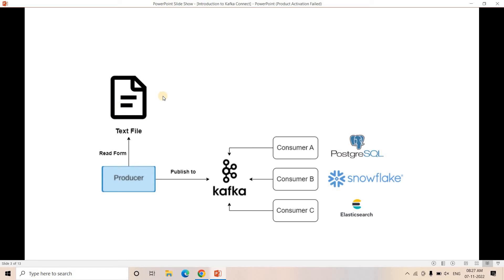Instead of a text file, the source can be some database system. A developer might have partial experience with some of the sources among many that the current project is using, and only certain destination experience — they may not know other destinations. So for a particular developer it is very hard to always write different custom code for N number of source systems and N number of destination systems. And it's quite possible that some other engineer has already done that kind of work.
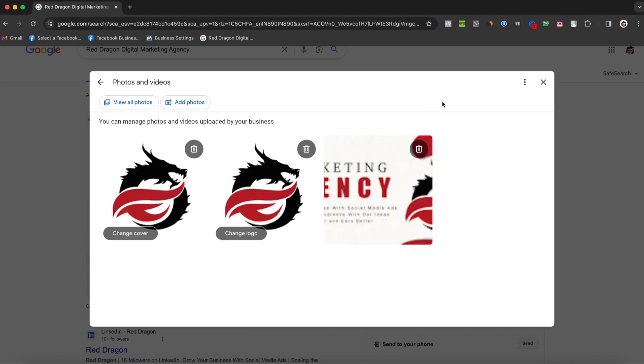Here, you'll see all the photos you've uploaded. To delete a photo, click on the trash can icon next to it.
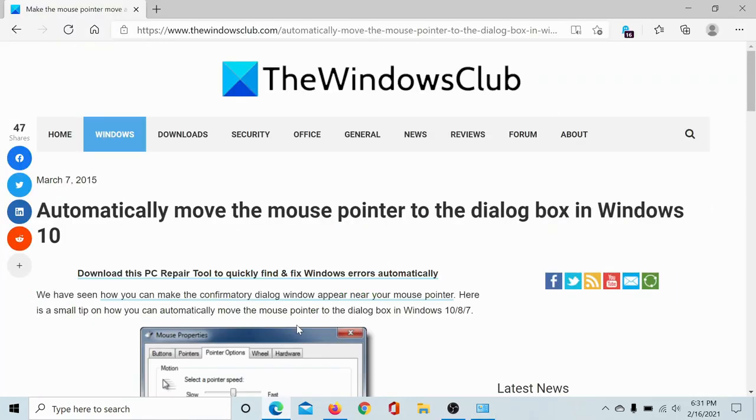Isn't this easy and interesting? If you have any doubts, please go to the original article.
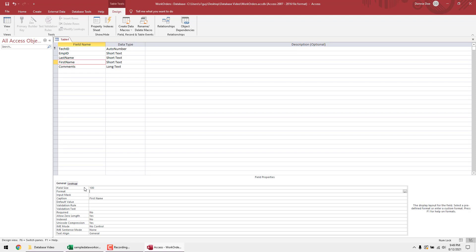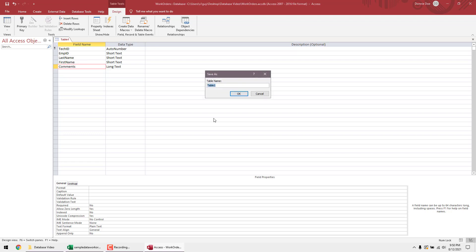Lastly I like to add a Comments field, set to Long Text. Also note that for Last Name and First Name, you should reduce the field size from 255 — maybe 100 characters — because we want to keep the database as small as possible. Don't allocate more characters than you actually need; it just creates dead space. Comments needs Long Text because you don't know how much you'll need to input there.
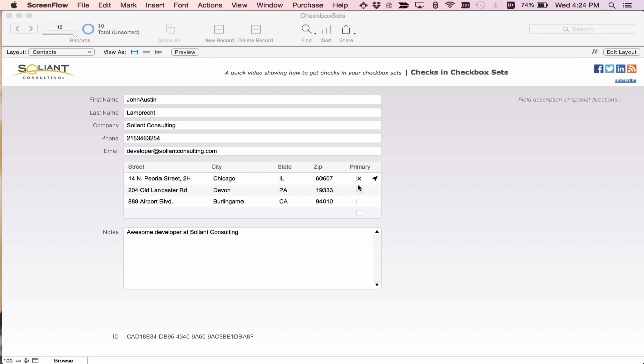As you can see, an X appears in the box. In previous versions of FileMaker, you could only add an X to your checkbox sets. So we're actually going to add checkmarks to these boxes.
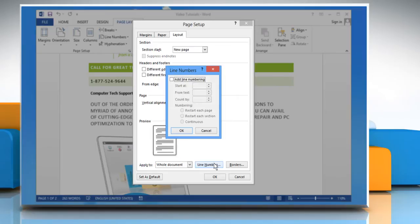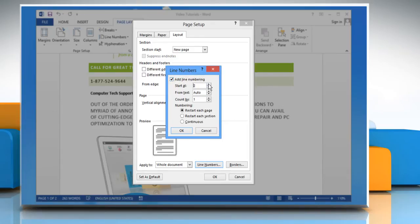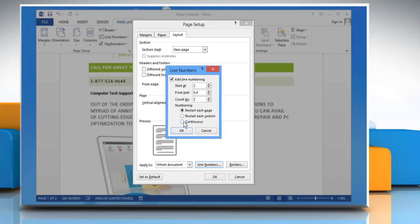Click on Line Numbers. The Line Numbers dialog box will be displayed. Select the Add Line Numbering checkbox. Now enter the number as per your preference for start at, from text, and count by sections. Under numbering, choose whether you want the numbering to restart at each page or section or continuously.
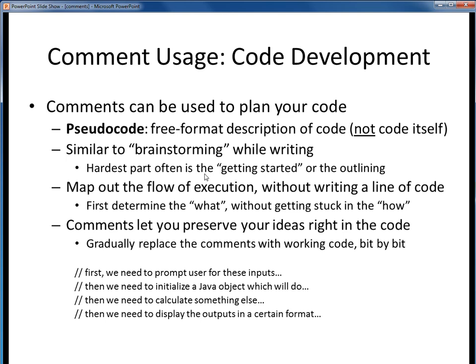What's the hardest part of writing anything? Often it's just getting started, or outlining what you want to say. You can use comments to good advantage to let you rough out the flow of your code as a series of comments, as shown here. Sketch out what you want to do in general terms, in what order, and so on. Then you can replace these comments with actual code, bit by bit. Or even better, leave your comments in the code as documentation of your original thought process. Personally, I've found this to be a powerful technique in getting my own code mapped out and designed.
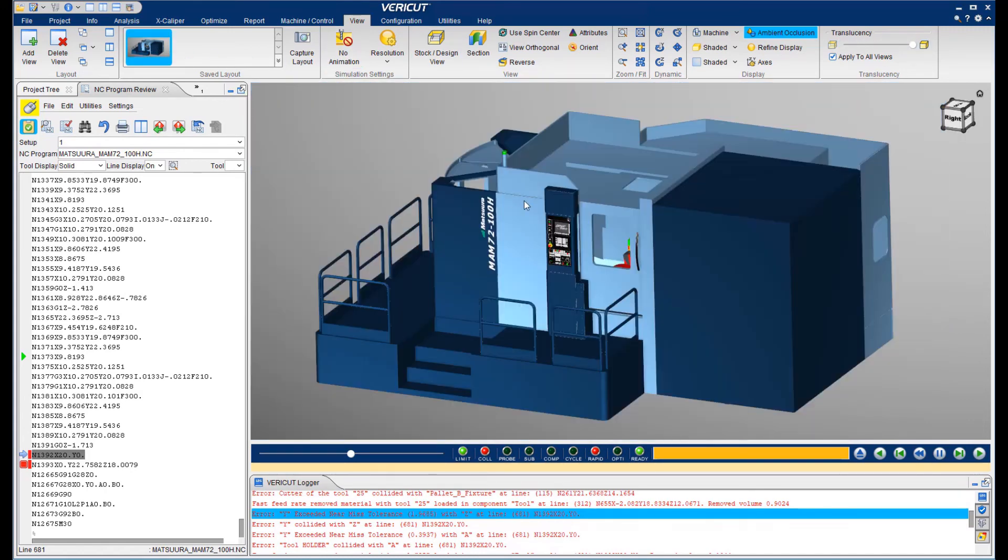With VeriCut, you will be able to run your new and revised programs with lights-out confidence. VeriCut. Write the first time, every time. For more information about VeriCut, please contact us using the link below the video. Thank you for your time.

* * * *

REQUIRED WORK »
The output is the stretch above from the line with "Isn't this easy" through the line with "What's the hardest", copied word for word with both ends kept and every picture dropped.

OUTPUT OF THE EXERCISE »
Isn't this easy and interesting? If you have any doubts, please go to the original article.
Lastly I like to add a Comments field, set to Long Text. Also note that for Last Name and First Name, you should reduce the field size from 255 — maybe 100 characters — because we want to keep the database as small as possible. Don't allocate more characters than you actually need; it just creates dead space. Comments needs Long Text because you don't know how much you'll need to input there.
As you can see, an X appears in the box. In previous versions of FileMaker, you could only add an X to your checkbox sets. So we're actually going to add checkmarks to these boxes.
Click on Line Numbers. The Line Numbers dialog box will be displayed. Select the Add Line Numbering checkbox. Now enter the number as per your preference for start at, from text, and count by sections. Under numbering, choose whether you want the numbering to restart at each page or section or continuously.
What's the hardest part of writing anything? Often it's just getting started, or outlining what you want to say. You can use comments to good advantage to let you rough out the flow of your code as a series of comments, as shown here. Sketch out what you want to do in general terms, in what order, and so on. Then you can replace these comments with actual code, bit by bit. Or even better, leave your comments in the code as documentation of your original thought process. Personally, I've found this to be a powerful technique in getting my own code mapped out and designed.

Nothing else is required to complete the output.